Leitsatz
Keine steuerfreien Tätigkeiten als Versicherungsvertreter und Versicherungsmakler (§ 4 Nr. 11 UStG) sind die typischerweise mit dem Aufbau und der Aufrechterhaltung eines Strukturvertriebes einhergehende Betreuung, Schulung und Überwachung von Versicherungsvertretern, die Festsetzung und Auszahlung der Provisionen sowie das Halten der Kontakte zu den Versicherungsvertretern.
Normenkette
§ 4 Nr. 11 UStG, Art. 135 Abs. 1 Buchst. a EGRL 112/2006 (= MwStSystRL), § 118 Abs. 2 FGO
Sachverhalt
Der Kläger erhielt von der I‐AG zwischen September 2009 und Juni 2010 insgesamt 221.400 EUR, davon 90.000 EUR im Streitjahr 2009 und 131.400 EUR im Streitjahr 2010. Er war von der I‐AG als "Strukturoberer" in deren Strukturvertrieb eingeschaltet und verpflichtet, die Unterstrukturen aufzubauen. Zu diesem Zweck organisierte er Werbeveranstaltungen, trat als Referent auf und warb ca. 40 Makler an. Die Entgeltzahlungen wurden eingestellt, nachdem der Strukturaufbau seitens der I‐AG beendet worden war. Das FA war der Auffassung, dass der Kläger durch den Aufbau eines Strukturvertriebs umsatzsteuerpflichtige Leistungen an die I‐AG ausgeführt habe. Die Klage zum FG hatte keinen Erfolg (Sächsisches FG, Urteil vom 3.3.2016, 8 K 942/15, Haufe-Index 9511759, EFG 2016, 1375).
Entscheidung
Der BFH bestätigte die Entscheidung der Vorinstanz. Das FG habe zu Recht entschieden, dass die Leistungen des Klägers an die I‐AG zum Aufbau eines Strukturvertriebs nicht von der Steuerbefreiung des § 4 Nr. 11 UStG umfasst werden, da es an einem Bezug zu einzelnen Versicherungsgeschäften fehle. Die Aufgabe des Klägers habe sich darauf beschränkt, durch die direkte und indirekte Anwerbung von Versicherungsvertretern und Versicherungsmaklern für ein für die I‐AG zufriedenstellendes Gesamtvolumen an Versicherungen zu sorgen. Es fehle ein hinreichender Bezug zu den einzelnen vermittelten Versicherungsverträgen.
Hinweis
1. Gemäß § 4 Nr. 11 UStG sind die Umsätze aus der Tätigkeit als Bausparkassenvertreter, Versicherungsvertreter und Versicherungsmakler umsatzsteuerbefreit. Unionsrechtlich beruht die Steuerfreiheit auf Art. 135 Abs. 1 Buchst. a MwStSystRL. Danach befreien die Mitgliedstaaten Versicherungs- und Rückversicherungsumsätze einschließlich der dazu gehörenden Dienstleistungen, die von Versicherungsmaklern und ‐vertretern erbracht werden.

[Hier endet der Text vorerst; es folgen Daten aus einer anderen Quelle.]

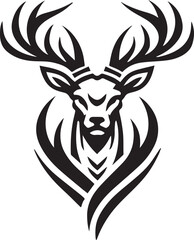 Bold Black and White Tribal-Style Majestic Deer with Intricate Antlers Vector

2. Für die Steuerfreiheit muss der Unternehmer sowohl mit dem Versicherer als auch mit dem Versicherten in Verbindung stehen. Diese Verbindung kann auch nur mittelbarer Natur sein, wenn der Dienstleistungserbringer ein Unterauftragnehmer des Versicherungsmaklers oder ‐vertreters ist.
Darüber hinaus muss die Tätigkeit wesentliche Aspekte der Versicherungsvermittlungstätigkeit, wie Kunden zu suchen und diese mit dem Versicherer zusammenzubringen, umfassen. Bei einem Unterauftragnehmer ist entscheidend, dass er am Abschluss von Versicherungsverträgen beteiligt ist.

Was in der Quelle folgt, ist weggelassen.